While the visuals are certainly impressive, Sora's most surprising abilities are the ones he hasn't been trained for. Powered by a version of the diffusion model used by OpenAI's Dell-3 image generator as well as GPT-4's Transformer-based engine, Sora not only produces videos that meet the demands of the signal, but In a way let's do this. This reflects an emerging understanding of cinematic grammar.

This translates into storytelling. In another video that was created with the prompt “a gorgeously rendered paper world of a coral reef filled with colorful fish and sea creatures.” Bill Peebles, another researcher on the project, says that Sora creates a narrative thrust with its camera angles and timing. “There are actually multiple shot changes – these are not stitched together, but created all at once by the model,” he says. “We didn't tell it to do that, it did it automatically.”

The AI-generated video was created with the caption “A gorgeously rendered paper world of a coral reef teeming with colorful fish and sea creatures.”Courtesy of OpenAI

In another example that I didn't see, Sora was inspired to visit a zoo. “It started with the zoo's name on a big sign, gradually scaled it down, and then did several shot transitions to show the different animals that live at the zoo,” says Peebles. It was not clearly instructed to do so in a cinematic manner.
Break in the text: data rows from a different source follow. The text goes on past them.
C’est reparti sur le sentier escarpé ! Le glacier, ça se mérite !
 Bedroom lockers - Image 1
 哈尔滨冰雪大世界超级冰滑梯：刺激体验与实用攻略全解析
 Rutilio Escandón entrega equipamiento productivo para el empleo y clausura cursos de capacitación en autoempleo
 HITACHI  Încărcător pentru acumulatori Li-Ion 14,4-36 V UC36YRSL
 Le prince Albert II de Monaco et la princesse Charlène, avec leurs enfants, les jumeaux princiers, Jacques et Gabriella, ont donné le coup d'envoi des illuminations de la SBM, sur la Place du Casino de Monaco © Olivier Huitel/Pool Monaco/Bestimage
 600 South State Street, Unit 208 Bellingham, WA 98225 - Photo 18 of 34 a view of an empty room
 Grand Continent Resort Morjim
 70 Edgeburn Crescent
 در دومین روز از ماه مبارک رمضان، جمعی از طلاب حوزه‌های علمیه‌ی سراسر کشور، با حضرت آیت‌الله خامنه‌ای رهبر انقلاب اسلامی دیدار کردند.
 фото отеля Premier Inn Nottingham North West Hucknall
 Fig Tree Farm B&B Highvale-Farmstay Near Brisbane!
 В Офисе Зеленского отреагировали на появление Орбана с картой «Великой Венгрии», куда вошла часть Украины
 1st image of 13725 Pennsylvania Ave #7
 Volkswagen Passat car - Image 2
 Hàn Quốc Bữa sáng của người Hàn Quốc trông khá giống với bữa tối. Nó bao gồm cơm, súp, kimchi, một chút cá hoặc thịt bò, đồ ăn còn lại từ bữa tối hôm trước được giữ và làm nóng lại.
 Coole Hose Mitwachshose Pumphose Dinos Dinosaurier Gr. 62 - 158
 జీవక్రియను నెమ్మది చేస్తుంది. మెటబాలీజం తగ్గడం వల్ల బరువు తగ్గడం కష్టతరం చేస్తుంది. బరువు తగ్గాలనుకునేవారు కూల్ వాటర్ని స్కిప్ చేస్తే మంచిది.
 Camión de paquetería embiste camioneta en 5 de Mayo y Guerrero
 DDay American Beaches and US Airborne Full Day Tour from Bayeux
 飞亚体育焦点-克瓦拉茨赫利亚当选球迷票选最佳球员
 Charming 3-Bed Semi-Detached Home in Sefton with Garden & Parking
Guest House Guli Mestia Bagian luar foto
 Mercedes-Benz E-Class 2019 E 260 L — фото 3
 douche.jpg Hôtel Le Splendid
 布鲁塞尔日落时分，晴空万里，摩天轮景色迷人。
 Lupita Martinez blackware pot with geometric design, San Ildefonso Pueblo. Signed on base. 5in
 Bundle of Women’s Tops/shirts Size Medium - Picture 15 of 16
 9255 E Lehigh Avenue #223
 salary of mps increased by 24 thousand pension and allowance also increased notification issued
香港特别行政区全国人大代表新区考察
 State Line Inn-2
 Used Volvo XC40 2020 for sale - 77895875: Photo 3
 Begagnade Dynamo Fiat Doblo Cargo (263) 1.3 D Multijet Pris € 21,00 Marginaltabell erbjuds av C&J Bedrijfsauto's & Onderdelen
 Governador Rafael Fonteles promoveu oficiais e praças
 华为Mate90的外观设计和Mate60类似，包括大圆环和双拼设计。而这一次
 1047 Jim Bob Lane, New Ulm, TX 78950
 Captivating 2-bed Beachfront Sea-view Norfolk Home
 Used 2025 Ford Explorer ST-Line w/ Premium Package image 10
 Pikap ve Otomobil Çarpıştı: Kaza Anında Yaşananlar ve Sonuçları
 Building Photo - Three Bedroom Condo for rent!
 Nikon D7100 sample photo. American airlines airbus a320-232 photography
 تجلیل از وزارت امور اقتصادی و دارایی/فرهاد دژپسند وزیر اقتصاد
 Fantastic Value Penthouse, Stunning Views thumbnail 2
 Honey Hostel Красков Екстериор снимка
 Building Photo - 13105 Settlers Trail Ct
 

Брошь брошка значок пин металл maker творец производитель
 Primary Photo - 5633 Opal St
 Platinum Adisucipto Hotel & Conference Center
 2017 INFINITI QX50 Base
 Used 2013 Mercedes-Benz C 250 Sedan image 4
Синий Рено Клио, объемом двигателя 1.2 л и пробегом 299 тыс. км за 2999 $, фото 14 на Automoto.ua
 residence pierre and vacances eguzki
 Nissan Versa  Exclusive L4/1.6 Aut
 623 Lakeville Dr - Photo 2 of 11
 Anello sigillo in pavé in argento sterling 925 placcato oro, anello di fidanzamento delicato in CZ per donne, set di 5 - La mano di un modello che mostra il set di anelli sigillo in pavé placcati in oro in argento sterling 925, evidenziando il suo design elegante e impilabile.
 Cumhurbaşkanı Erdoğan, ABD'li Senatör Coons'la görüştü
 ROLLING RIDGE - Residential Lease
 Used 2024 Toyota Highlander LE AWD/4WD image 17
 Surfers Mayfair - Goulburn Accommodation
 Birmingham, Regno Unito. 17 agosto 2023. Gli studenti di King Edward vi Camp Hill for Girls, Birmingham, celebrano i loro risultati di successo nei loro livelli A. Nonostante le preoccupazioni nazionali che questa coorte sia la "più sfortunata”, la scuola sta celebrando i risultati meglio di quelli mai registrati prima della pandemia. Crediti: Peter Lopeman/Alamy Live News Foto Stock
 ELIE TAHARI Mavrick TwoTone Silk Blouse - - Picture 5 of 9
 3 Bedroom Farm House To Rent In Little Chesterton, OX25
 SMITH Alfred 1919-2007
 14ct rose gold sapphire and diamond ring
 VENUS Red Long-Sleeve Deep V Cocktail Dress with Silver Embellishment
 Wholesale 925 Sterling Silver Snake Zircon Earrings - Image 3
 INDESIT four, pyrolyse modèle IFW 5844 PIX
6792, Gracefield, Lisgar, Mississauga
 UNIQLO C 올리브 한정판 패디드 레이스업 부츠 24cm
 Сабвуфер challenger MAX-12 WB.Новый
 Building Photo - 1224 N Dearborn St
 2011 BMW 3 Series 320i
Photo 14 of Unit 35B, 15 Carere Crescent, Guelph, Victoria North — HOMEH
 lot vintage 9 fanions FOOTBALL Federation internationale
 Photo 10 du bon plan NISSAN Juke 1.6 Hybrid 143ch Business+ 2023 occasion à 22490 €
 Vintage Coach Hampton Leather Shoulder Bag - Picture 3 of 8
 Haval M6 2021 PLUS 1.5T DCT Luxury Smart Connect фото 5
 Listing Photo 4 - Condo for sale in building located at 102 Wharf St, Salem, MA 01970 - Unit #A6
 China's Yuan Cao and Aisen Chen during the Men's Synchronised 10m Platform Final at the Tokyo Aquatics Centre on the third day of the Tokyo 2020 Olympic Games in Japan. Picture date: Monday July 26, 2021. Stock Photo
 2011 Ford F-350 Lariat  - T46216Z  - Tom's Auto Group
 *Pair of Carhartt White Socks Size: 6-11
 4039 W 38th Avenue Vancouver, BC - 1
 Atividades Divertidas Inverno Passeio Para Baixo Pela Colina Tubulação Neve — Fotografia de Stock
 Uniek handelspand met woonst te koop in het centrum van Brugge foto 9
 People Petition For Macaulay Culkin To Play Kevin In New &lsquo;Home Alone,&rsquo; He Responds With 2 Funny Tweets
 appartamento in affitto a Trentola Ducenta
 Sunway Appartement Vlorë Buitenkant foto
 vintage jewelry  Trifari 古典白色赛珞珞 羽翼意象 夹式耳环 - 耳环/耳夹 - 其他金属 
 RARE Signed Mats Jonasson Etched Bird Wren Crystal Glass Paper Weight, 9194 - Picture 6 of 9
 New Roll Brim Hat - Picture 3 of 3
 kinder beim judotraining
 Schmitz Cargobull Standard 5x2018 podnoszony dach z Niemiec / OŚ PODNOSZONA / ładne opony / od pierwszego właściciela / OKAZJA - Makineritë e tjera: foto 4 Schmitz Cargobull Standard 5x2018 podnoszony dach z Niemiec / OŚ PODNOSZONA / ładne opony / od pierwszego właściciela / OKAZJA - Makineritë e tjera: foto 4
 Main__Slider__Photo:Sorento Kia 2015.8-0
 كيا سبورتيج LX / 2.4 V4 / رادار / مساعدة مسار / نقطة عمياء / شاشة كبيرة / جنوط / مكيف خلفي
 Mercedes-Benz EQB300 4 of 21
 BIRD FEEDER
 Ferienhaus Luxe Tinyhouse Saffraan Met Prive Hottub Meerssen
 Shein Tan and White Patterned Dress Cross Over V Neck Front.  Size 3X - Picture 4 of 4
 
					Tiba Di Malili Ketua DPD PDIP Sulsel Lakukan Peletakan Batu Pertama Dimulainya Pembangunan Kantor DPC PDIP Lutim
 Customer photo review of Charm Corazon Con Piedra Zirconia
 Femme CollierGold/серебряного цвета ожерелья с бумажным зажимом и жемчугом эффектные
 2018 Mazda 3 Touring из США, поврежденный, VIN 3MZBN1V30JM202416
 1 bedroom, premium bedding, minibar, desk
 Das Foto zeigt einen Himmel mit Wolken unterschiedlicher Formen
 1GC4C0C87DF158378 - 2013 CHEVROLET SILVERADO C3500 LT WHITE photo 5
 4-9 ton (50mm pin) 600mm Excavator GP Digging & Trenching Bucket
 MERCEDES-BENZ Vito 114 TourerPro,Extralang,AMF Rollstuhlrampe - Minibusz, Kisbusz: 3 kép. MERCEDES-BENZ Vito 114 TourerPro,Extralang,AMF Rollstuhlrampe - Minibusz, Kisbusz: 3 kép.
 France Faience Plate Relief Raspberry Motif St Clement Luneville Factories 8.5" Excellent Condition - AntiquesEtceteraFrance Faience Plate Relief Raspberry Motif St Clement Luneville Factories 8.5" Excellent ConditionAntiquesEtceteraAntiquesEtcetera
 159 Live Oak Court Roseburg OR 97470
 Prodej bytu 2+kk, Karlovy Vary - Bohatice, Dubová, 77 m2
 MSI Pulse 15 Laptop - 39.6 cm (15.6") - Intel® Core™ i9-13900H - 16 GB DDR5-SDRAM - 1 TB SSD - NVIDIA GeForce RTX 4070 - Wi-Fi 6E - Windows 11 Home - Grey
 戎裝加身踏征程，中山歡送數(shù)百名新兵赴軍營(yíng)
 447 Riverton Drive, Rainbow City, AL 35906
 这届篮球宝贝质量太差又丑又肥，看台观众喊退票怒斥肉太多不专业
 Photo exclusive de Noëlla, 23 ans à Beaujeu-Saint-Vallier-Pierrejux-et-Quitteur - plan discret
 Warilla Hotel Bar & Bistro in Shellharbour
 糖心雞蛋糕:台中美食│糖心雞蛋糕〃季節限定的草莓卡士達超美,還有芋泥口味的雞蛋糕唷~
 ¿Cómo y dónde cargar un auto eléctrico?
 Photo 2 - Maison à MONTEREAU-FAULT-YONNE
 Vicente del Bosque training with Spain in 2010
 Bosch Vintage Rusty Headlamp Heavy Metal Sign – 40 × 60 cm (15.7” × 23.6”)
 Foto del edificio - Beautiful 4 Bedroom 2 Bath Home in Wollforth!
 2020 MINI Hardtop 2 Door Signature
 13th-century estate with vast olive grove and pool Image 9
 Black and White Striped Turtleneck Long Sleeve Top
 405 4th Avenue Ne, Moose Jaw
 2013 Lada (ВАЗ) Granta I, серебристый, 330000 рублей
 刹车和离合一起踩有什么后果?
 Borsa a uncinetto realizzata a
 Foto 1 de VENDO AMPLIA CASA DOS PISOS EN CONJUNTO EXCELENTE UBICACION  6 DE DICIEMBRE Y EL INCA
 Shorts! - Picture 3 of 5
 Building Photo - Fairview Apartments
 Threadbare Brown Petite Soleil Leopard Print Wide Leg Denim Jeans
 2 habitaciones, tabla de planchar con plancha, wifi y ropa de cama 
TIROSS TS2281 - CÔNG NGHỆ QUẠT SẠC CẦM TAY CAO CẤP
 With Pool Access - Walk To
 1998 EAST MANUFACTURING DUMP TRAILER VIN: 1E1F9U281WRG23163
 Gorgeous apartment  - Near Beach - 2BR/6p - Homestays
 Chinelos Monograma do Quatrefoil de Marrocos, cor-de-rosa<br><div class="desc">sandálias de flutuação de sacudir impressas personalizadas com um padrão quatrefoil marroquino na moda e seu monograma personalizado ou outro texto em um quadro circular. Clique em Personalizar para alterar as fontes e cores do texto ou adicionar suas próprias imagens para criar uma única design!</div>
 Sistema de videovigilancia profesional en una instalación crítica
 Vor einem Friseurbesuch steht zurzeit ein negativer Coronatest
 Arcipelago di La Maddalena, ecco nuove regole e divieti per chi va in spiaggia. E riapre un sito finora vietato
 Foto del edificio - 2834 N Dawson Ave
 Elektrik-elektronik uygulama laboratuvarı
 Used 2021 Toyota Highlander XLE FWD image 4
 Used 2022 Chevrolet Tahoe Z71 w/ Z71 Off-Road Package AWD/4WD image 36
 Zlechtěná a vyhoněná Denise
One feature in Sora that the OpenAI team did not show, and may not release for quite some time, is the ability to generate video from a single image or sequence of frames. “This is going to be another really great way to improve your storytelling abilities,” says Brooks. “You can draw exactly what you have in your mind and then bring it to life.” OpenAI is aware that this feature also has the potential to generate deepfakes and misinformation. “We would be very careful about all the security implications of this,” says Peebles.